What is needed = Return every entry exactly, except for any pictures.

Start of Exercise data

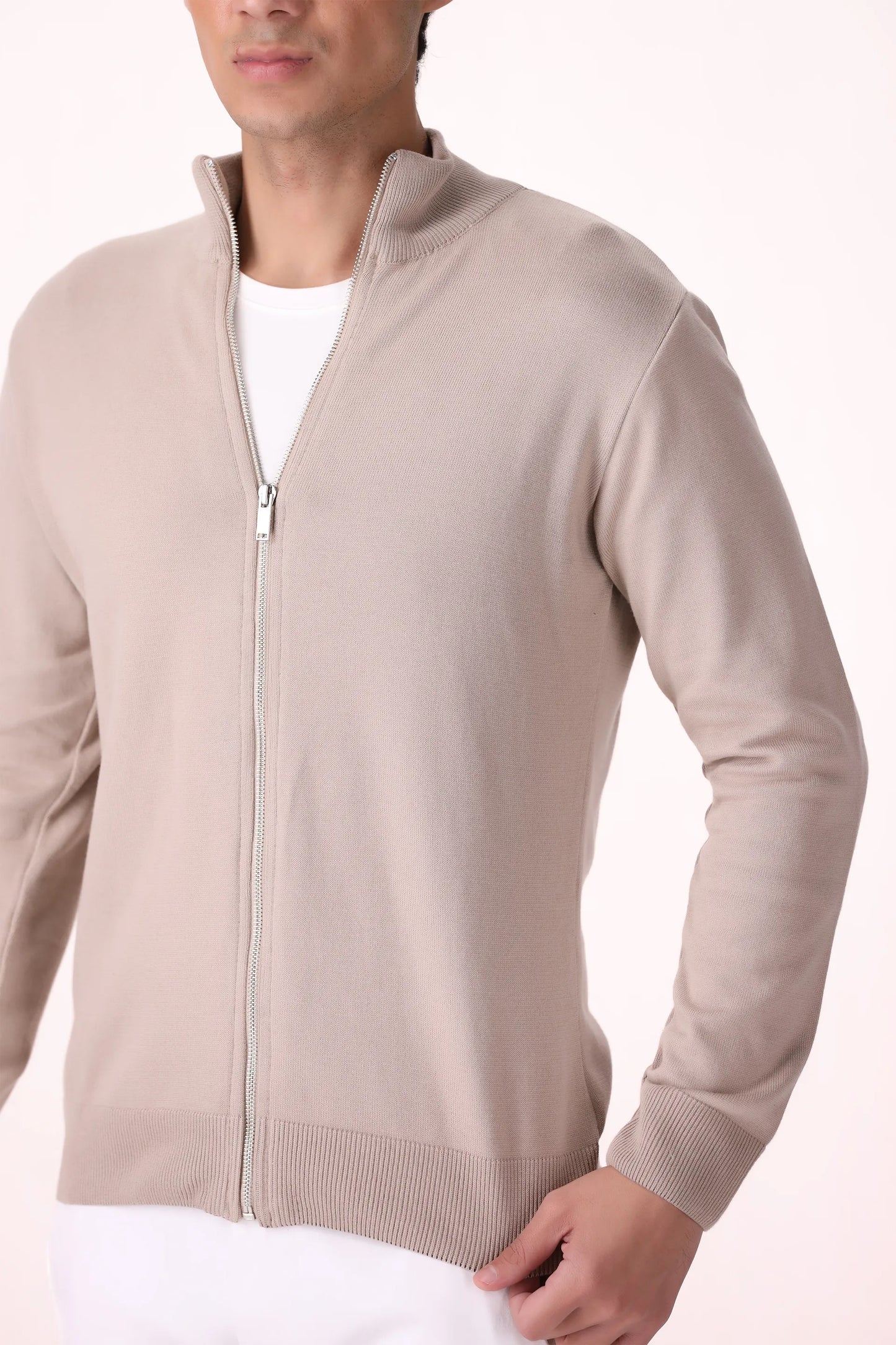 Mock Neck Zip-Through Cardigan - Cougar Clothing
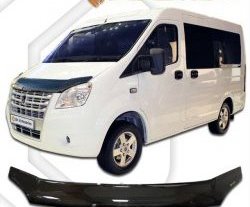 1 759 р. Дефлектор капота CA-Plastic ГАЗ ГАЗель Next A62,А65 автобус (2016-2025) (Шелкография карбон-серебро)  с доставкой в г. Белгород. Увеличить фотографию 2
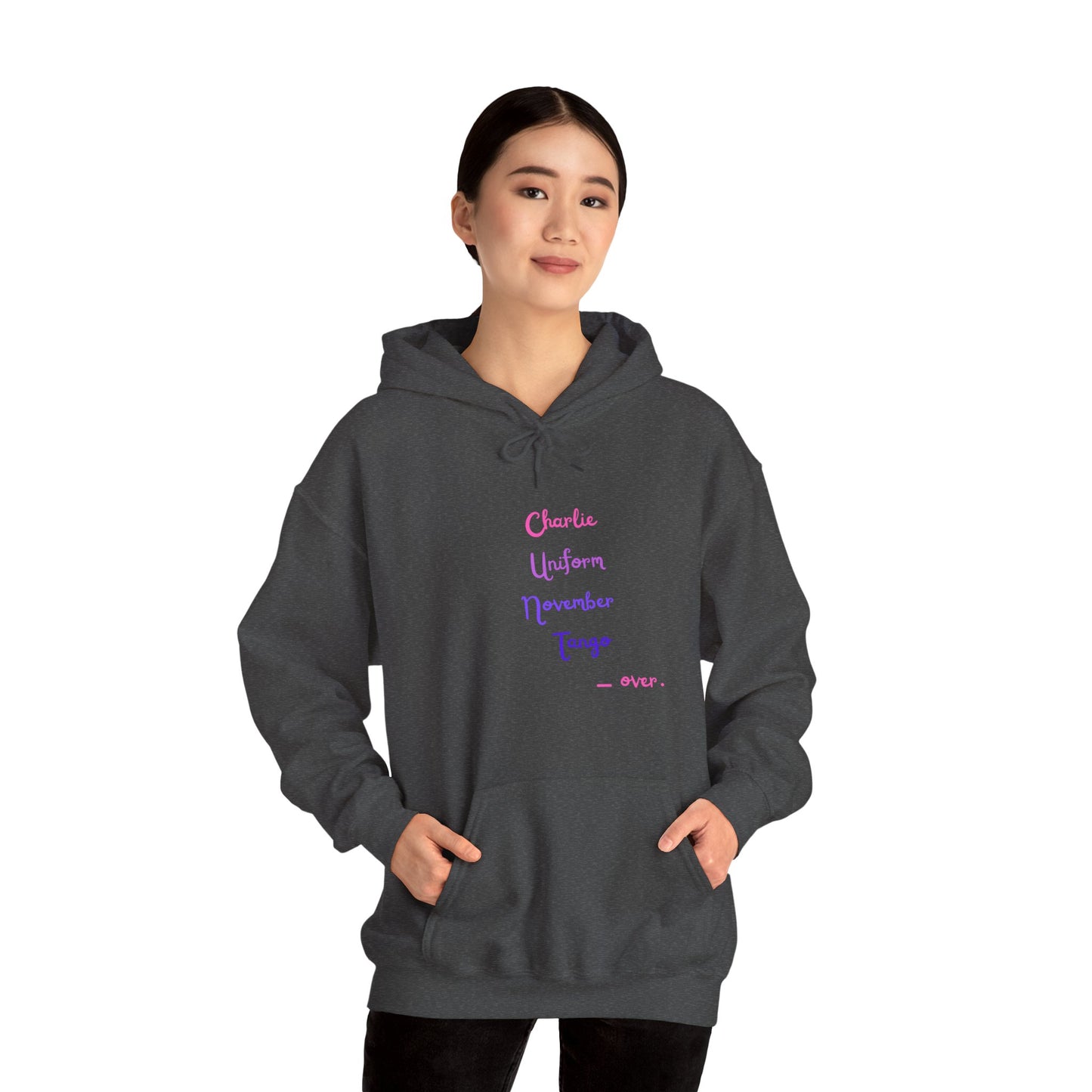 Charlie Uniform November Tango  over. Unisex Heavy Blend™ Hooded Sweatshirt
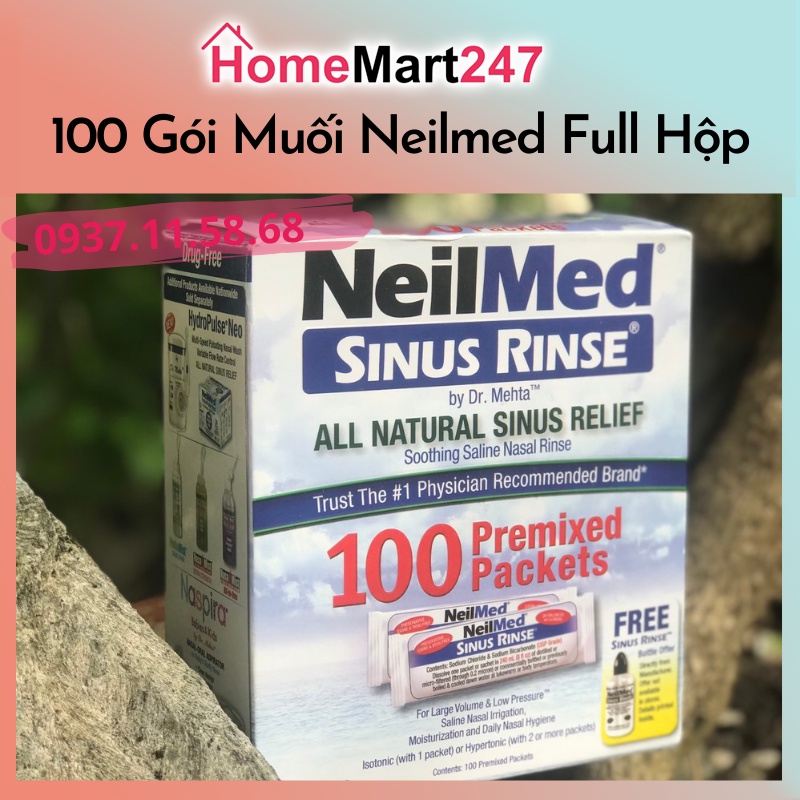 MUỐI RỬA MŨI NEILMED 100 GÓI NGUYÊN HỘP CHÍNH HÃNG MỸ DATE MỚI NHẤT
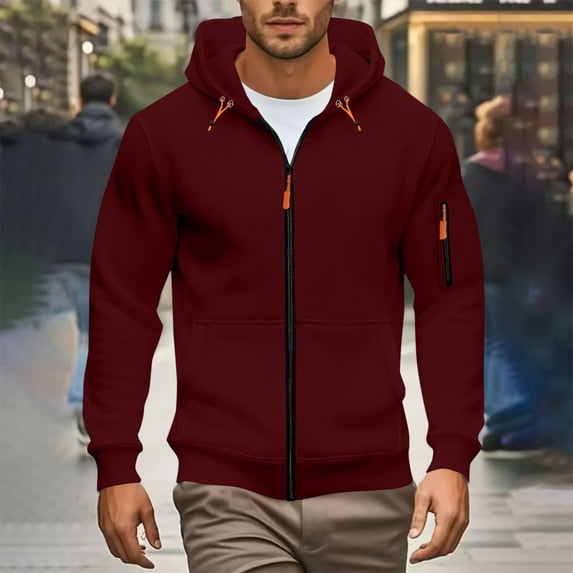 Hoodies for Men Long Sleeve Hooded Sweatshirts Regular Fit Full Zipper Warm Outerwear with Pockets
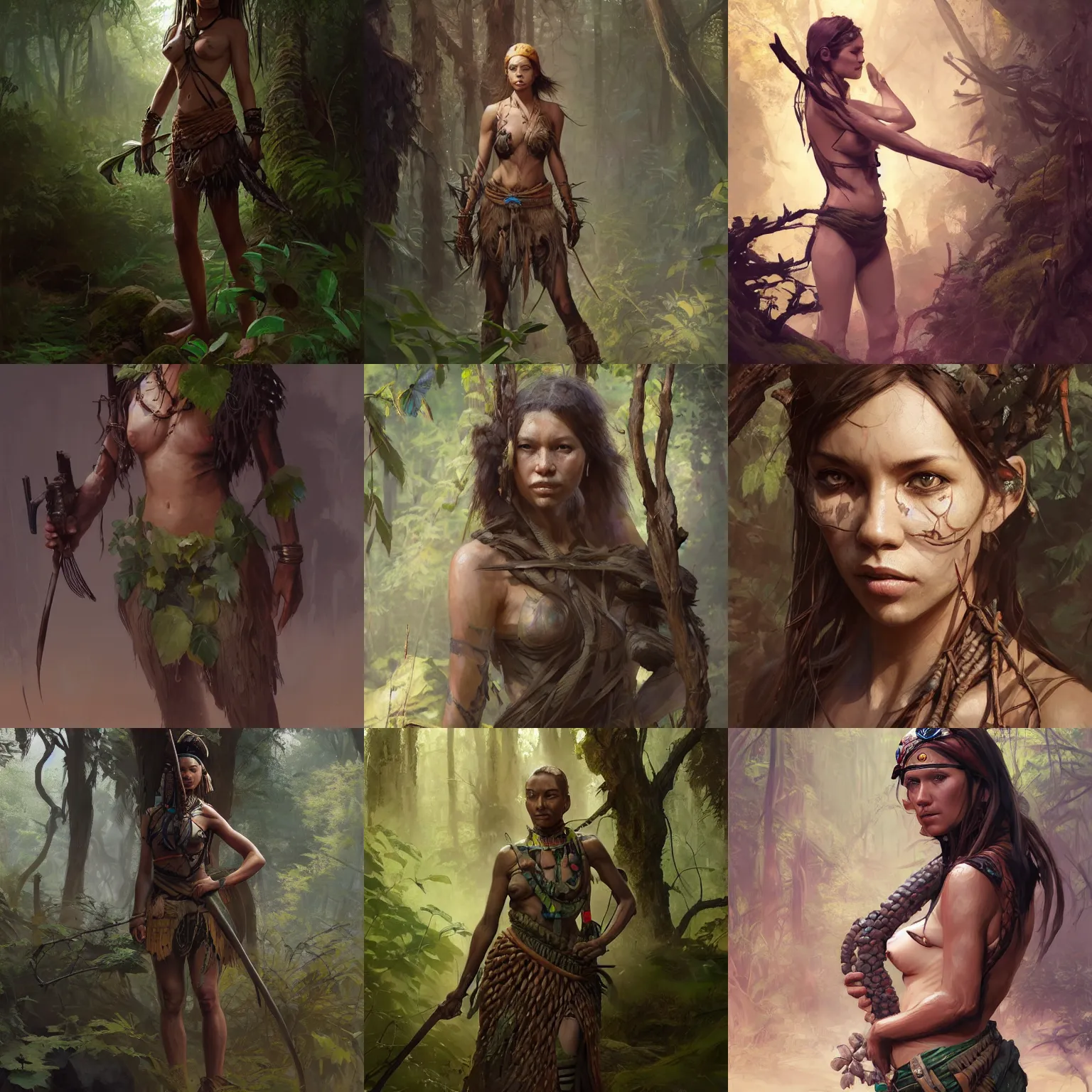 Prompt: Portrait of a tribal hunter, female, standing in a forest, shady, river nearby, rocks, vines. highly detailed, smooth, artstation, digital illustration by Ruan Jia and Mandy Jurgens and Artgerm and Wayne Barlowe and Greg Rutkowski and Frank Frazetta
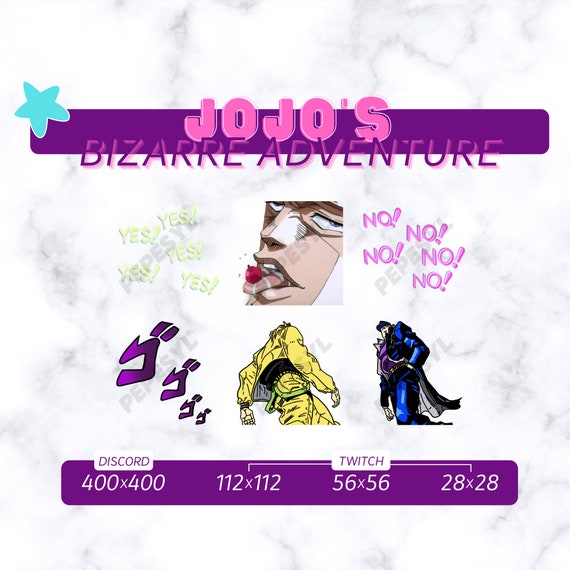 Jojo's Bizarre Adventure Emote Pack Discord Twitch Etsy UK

End of Exercise data

Response area =
 Mock Neck Zip-Through Cardigan - Cougar Clothing
 1 759 р. Дефлектор капота CA-Plastic ГАЗ ГАЗель Next A62,А65 автобус (2016-2025) (Шелкография карбон-серебро)  с доставкой в г. Белгород. Увеличить фотографию 2
 Charlie Uniform November Tango  over. Unisex Heavy Blend™ Hooded Sweatshirt
 MUỐI RỬA MŨI NEILMED 100 GÓI NGUYÊN HỘP CHÍNH HÃNG MỸ DATE MỚI NHẤT
 Hoodies for Men Long Sleeve Hooded Sweatshirts Regular Fit Full Zipper Warm Outerwear with Pockets
 Prompt: Portrait of a tribal hunter, female, standing in a forest, shady, river nearby, rocks, vines. highly detailed, smooth, artstation, digital illustration by Ruan Jia and Mandy Jurgens and Artgerm and Wayne Barlowe and Greg Rutkowski and Frank Frazetta
 Jojo's Bizarre Adventure Emote Pack Discord Twitch Etsy UK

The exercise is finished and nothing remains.